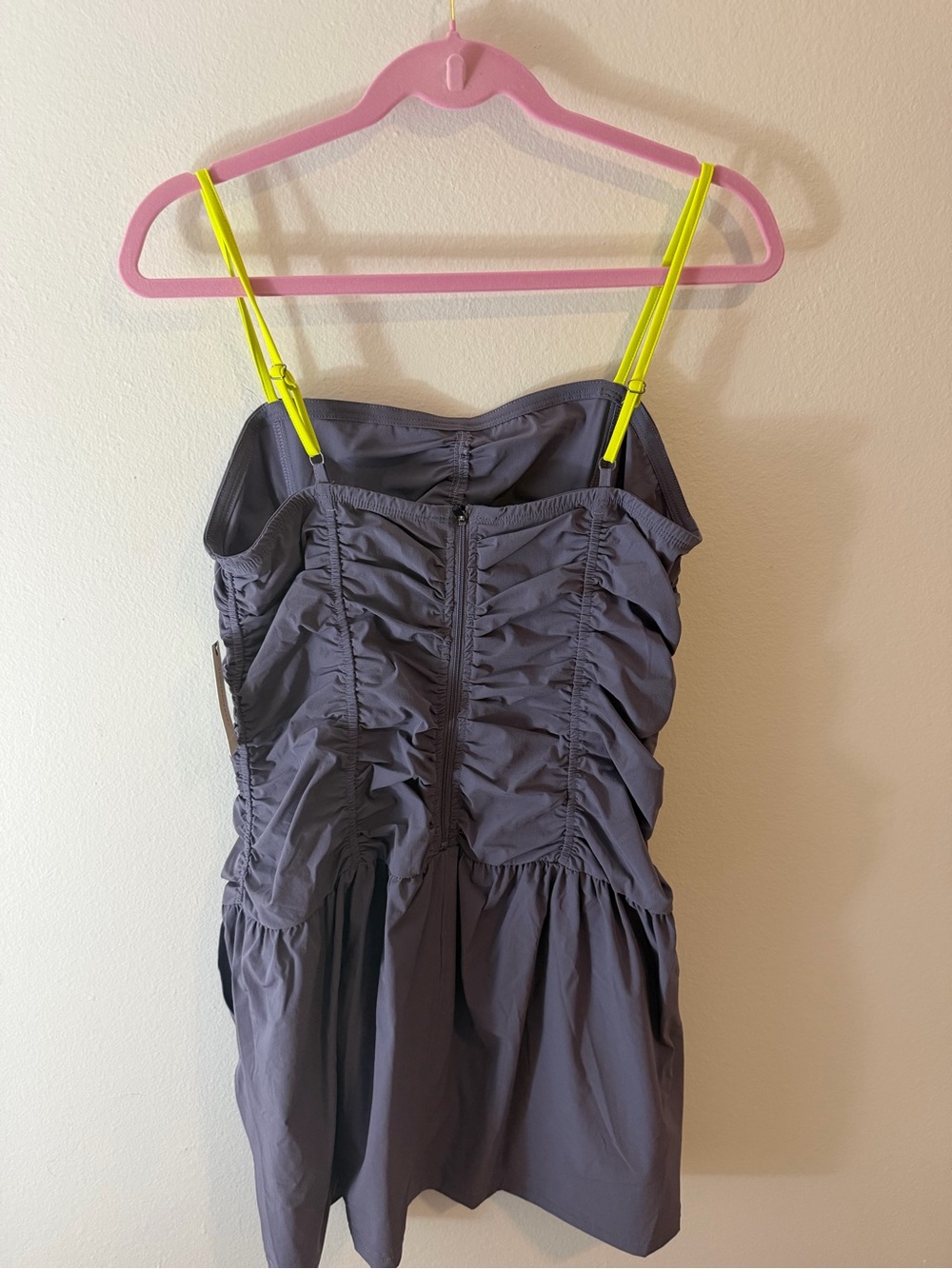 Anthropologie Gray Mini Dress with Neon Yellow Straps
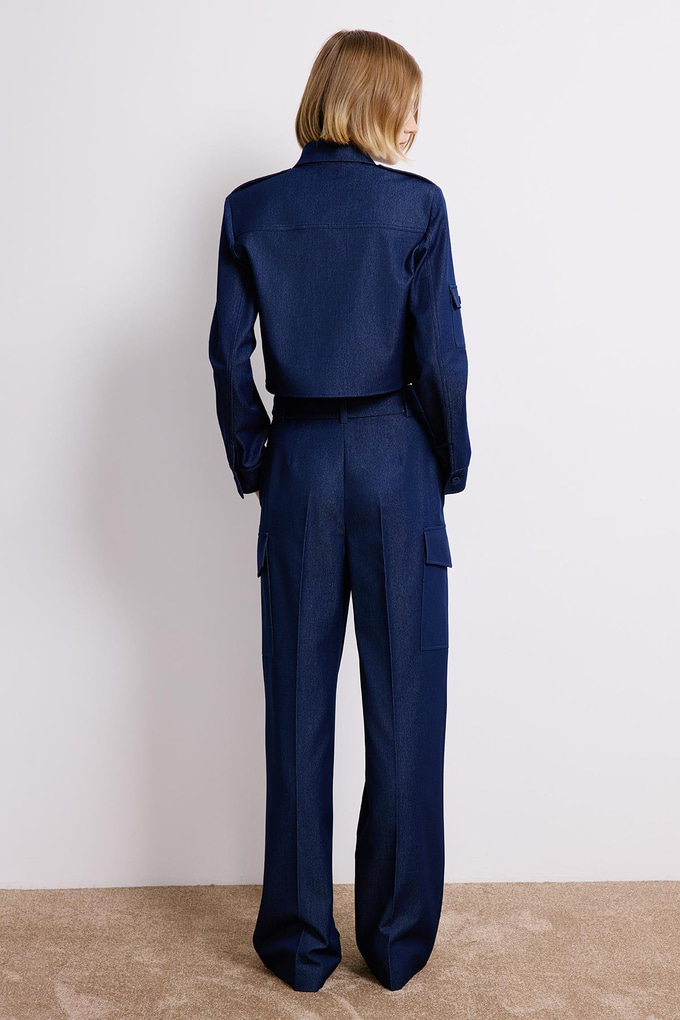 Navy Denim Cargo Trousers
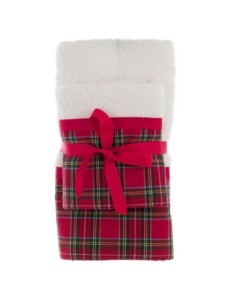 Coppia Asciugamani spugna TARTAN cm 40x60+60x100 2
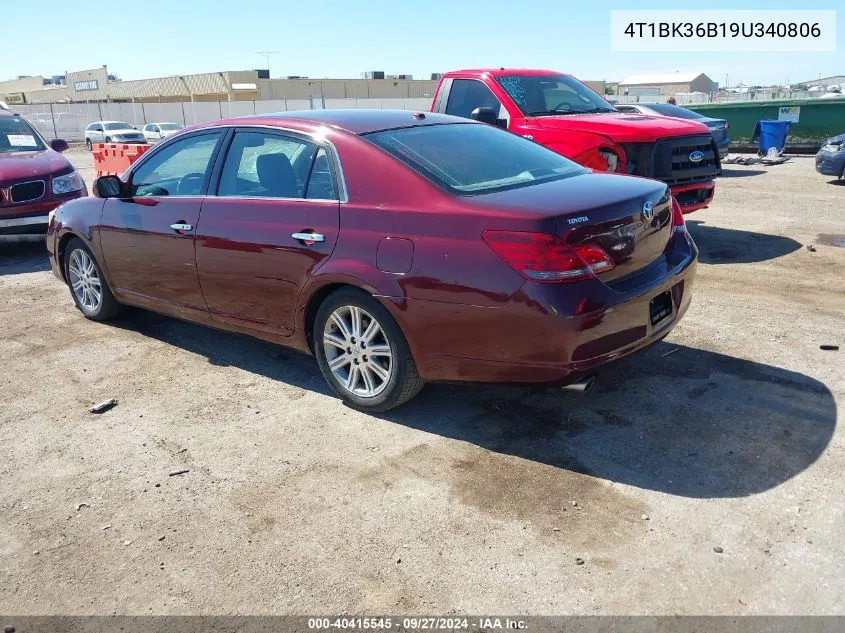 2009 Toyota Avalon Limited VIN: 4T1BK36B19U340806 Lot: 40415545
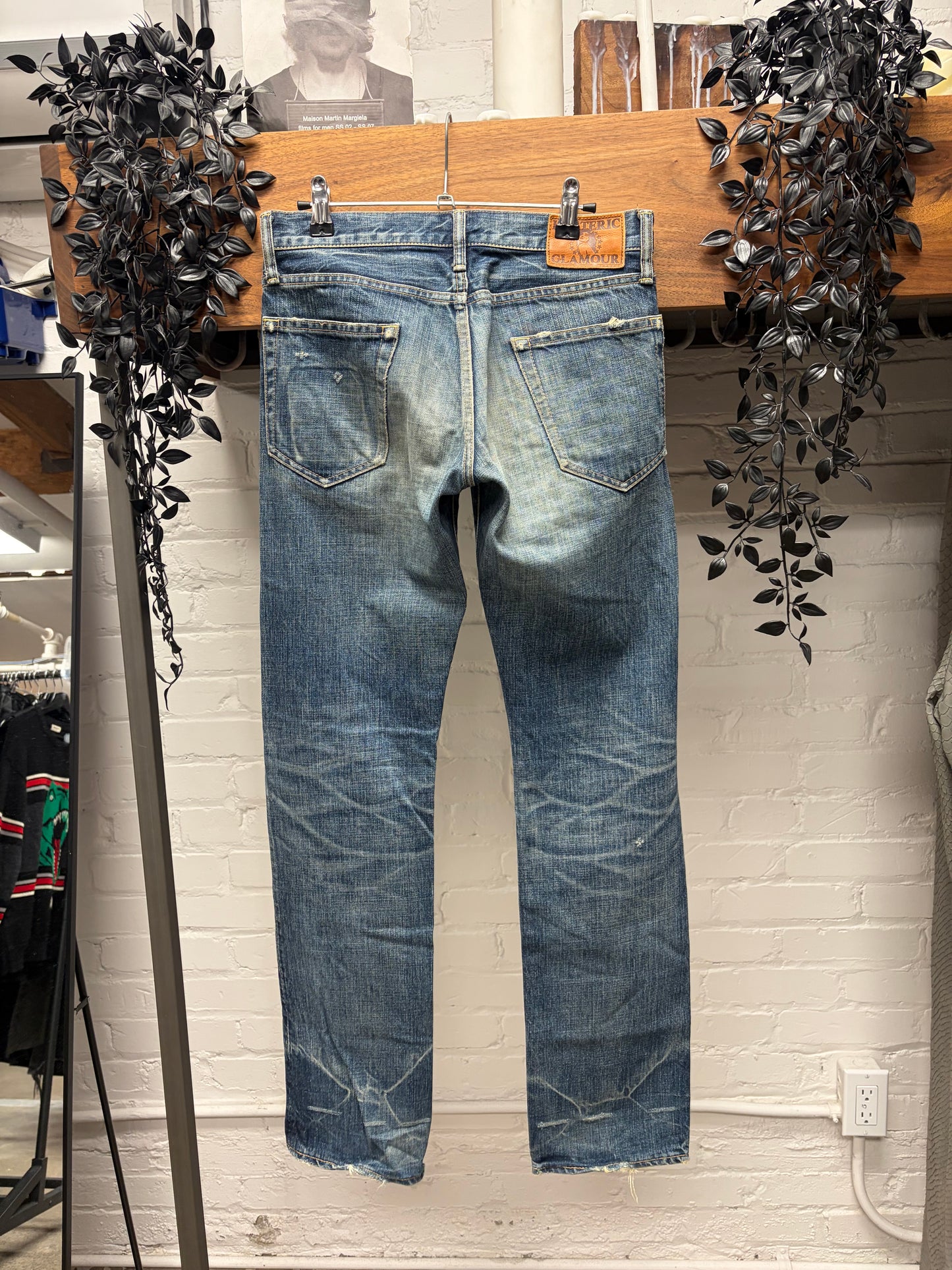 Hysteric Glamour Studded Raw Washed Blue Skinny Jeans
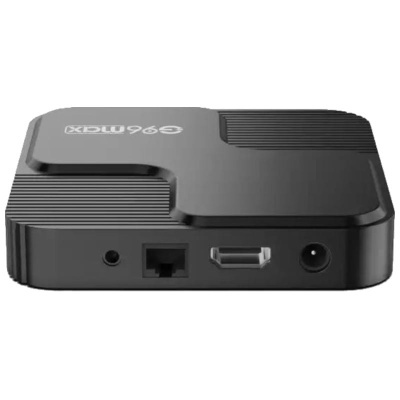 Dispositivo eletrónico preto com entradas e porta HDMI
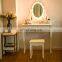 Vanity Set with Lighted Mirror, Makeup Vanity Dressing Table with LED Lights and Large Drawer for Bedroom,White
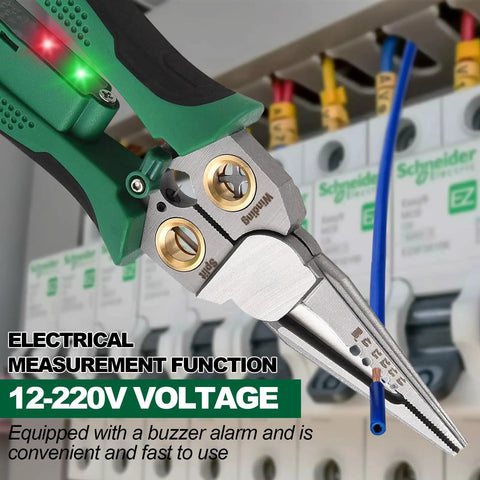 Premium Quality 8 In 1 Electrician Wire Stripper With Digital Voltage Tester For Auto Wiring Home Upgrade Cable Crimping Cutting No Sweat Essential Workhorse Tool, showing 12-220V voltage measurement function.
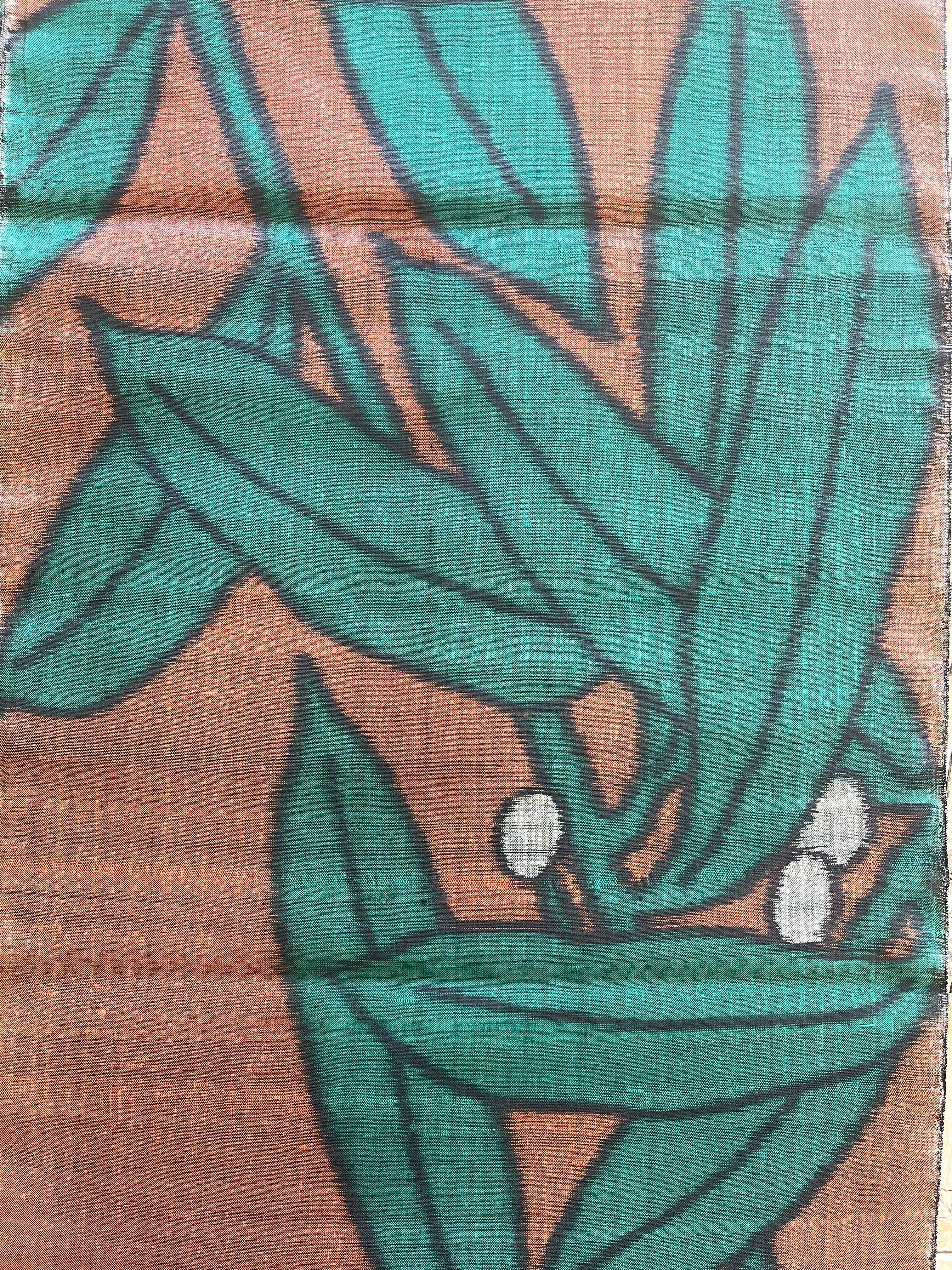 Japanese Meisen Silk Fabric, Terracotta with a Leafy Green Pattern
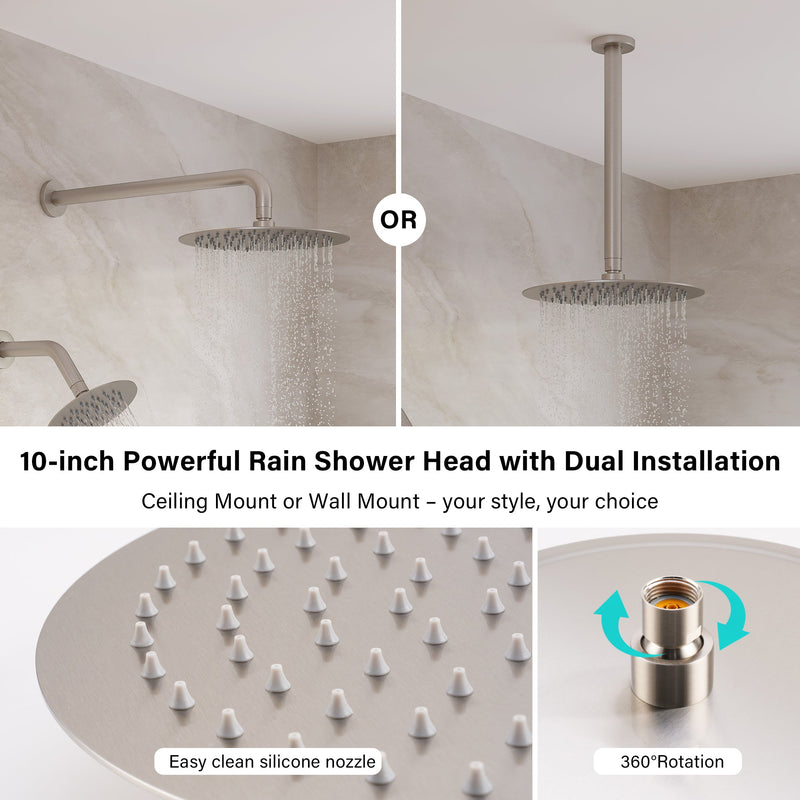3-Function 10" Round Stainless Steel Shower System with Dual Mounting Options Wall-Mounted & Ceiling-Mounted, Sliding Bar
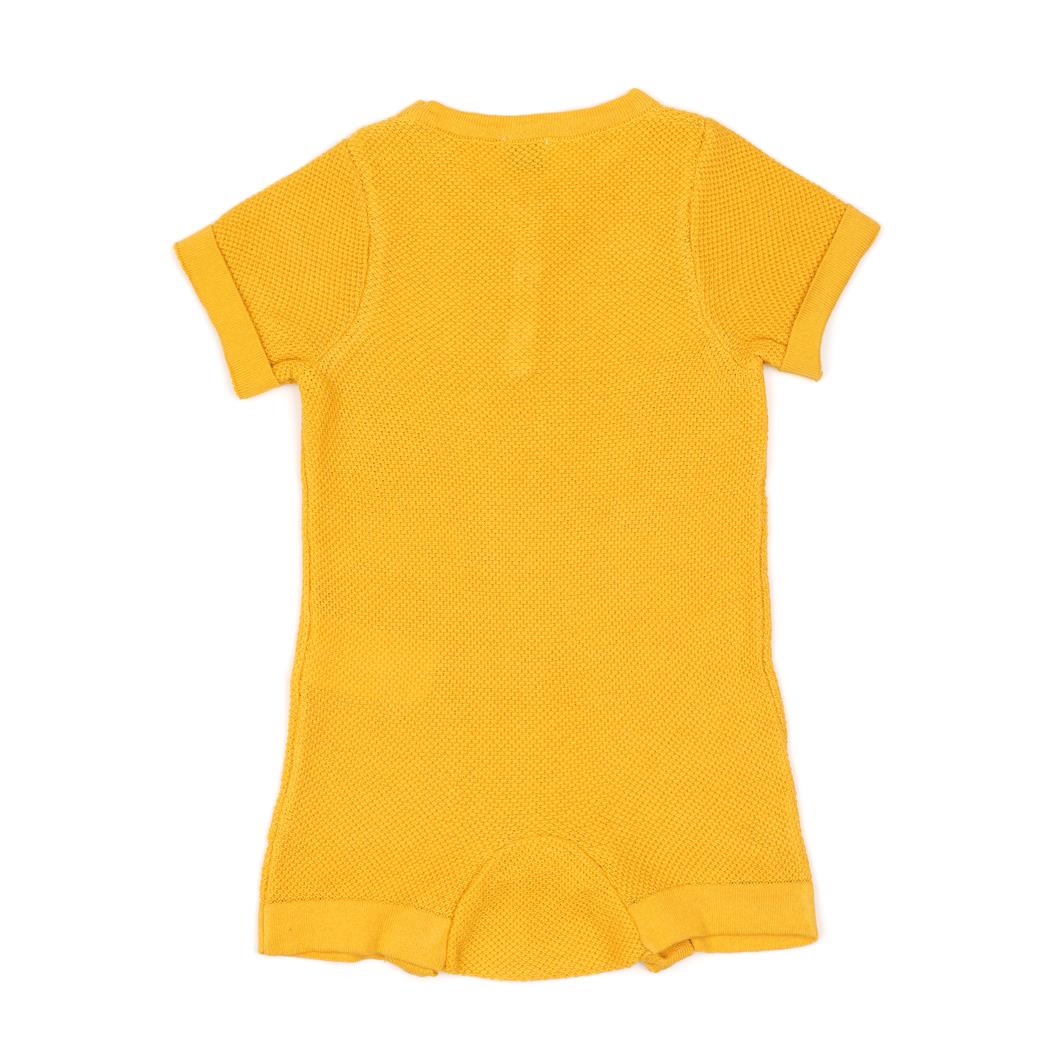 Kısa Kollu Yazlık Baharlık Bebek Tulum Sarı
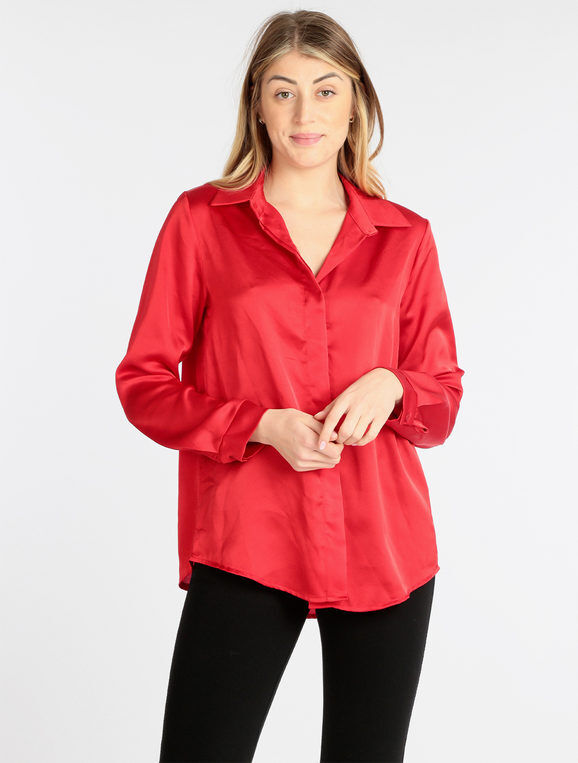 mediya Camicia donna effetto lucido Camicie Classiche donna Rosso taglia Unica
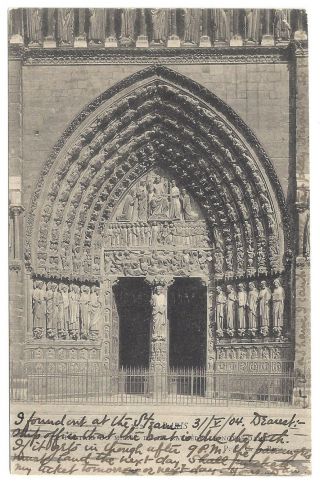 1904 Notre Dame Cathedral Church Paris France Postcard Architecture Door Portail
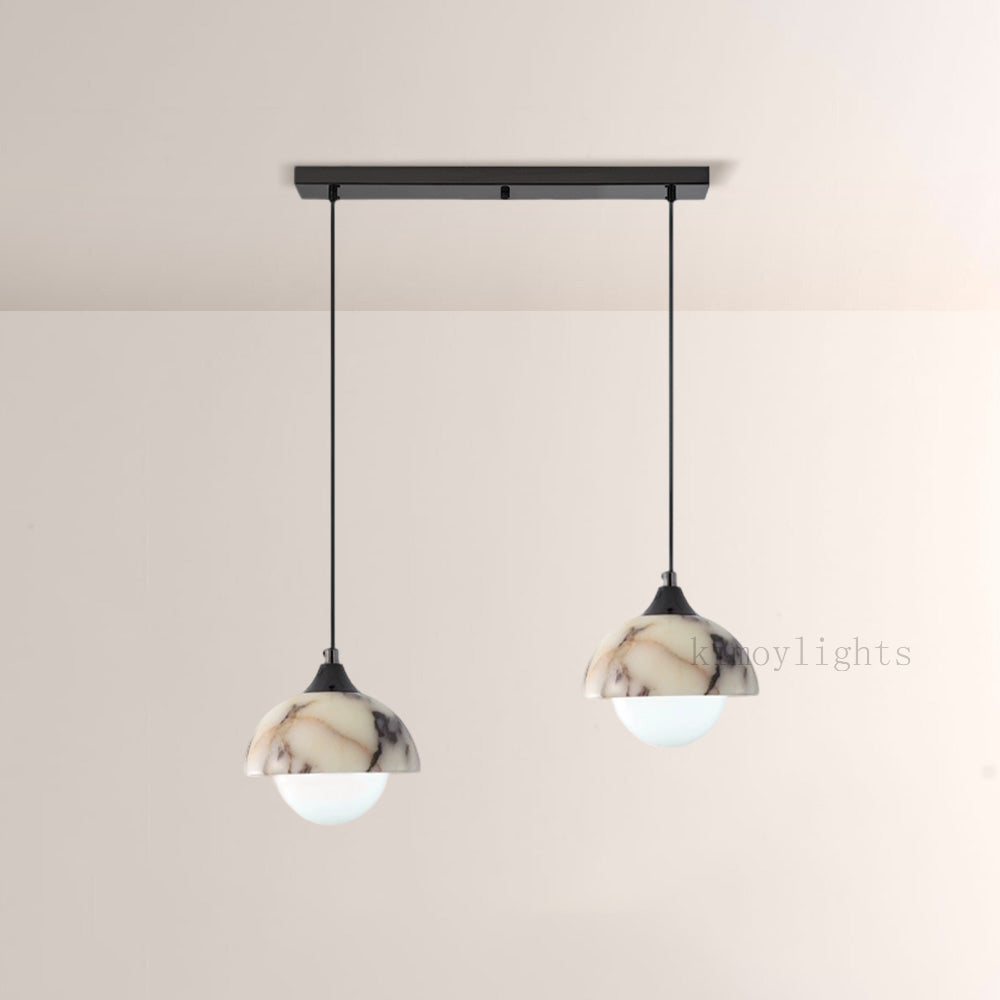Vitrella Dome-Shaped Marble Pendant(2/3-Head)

The task:
Leave out any pictures, please, and quote only the lines from the top of the data through the line that contains "Dispositivo eletrónico preto".

Final answer:
 Anthropologie Gray Mini Dress with Neon Yellow Straps
 Navy Denim Cargo Trousers
 Coppia Asciugamani spugna TARTAN cm 40x60+60x100 2
 2009 Toyota Avalon Limited VIN: 4T1BK36B19U340806 Lot: 40415545
 Hysteric Glamour Studded Raw Washed Blue Skinny Jeans
 Dispositivo eletrónico preto com entradas e porta HDMI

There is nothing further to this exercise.